Applied class projects help businesses and organizations achieve their potential while providing students with opportunities for community based learning. Junior and senior business students apply what they learn in the classroom by working with a client on an actual project. Students work in teams under the supervision of their course instructor. Project deliverables often include a written report and a presentation to the client.
The courses listed below are seeking proposals for fall and spring semester-long applied class projects.
Courses accepting applied class projects
Accounting and Finance
- Advanced Tax Accounting. (Fall or spring semester). Senior level accounting students learn about business tax issues, and research specific questions related to business taxes. Projects will be completed during the last half of the semester. Business owners will receive a student-prepared research memorandum with potential courses of action the business may explore with a tax attorney or accountant.
» For more information, contact Dr. Raj Aroskar, chair, Department of Accounting and Finance.
- Advanced Business Writing. (Fall or spring semester). Students write formal reports and other documents to investigate and solve organizational issues and user test processes and instructions.
- Special Topics-Writing Persuasive Proposals. (Fall or spring semester).Students write sales proposals, project proposals, grant proposals, marketing documentation, and other persuasive communication for organizations.
» For more information, contact Dr. Paula Lentz, academic program director, Department of Business Communication.
- Systems Analysis and Design. (Fall or spring semester). Students design information systems for profit and nonprofit clients in the community.
- Seminar in Information Systems. (Fall or spring semester). Senior IS students design and develop information systems for profit and nonprofit clients in the community.
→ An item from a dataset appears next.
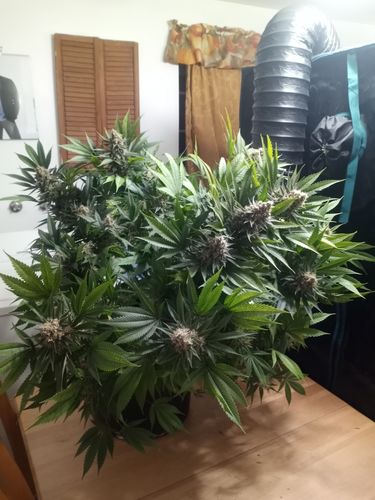 Image submitted with review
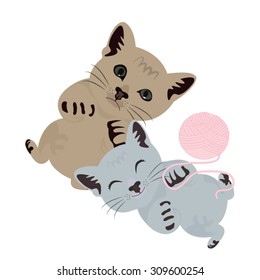 cat Scottish Fold vector illustration.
Emphasis in both courses is on quality and completeness in meeting client needs within the semester framework. Examples of projects include creation of web sites, networks, databases, software, applications and information systems, strategic plans, and development of information systems training and documentation.» For more information, contact Dr. Jean Pratt, interim chair, Department of Information Systems
Management and Marketing
- Small Business Consulting. (Spring semester). Student teams develop comprehensive business plans for a small business. Appropriate clients have been in business for two or more years and have two or more employees. Previous clients come from a variety of industries and have had anywhere from two to 60+ employees.
- Lean Manufacturing Systems and Concepts. (Fall or spring semester) Teams of students complete a semester-long lean systems improvement project in a manufacturing or service-oriented organization. Participating organizations determine the scope, goals and desired outcomes in consultation with the instructor. Projects may involve 5S, value stream mapping, kaizen, A3 analysis, setup time reduction, batch sizes and inventory levels reduction, as well as pull system and/or continuous flow implementation.
- Topics in Leadership. (Spring semester). Students work as project managers to develop and/or implement a project of particular interest to a non-profit organization.
- Marketing Communications and Promotion Analysis. (Fall or spring semester) Student teams develop a promotional plan for a business, non-profit, or governmental organization.
- Marketing Research. (Fall or spring semester). Students develop and conduct a market research study for a local business, non-profit, or governmental organization.
- Marketing Management. (Spring semester). Teams of 3-7 students work with local organizations and prepare a business plan.
- Advanced Sales Topics. (Spring semester). Marketing and professional sales students hone their sales skills by selling actual products or services for a local non-profit. One hundred percent of the profits from the students' sales efforts go directly towards the non-profit organization's operating budget.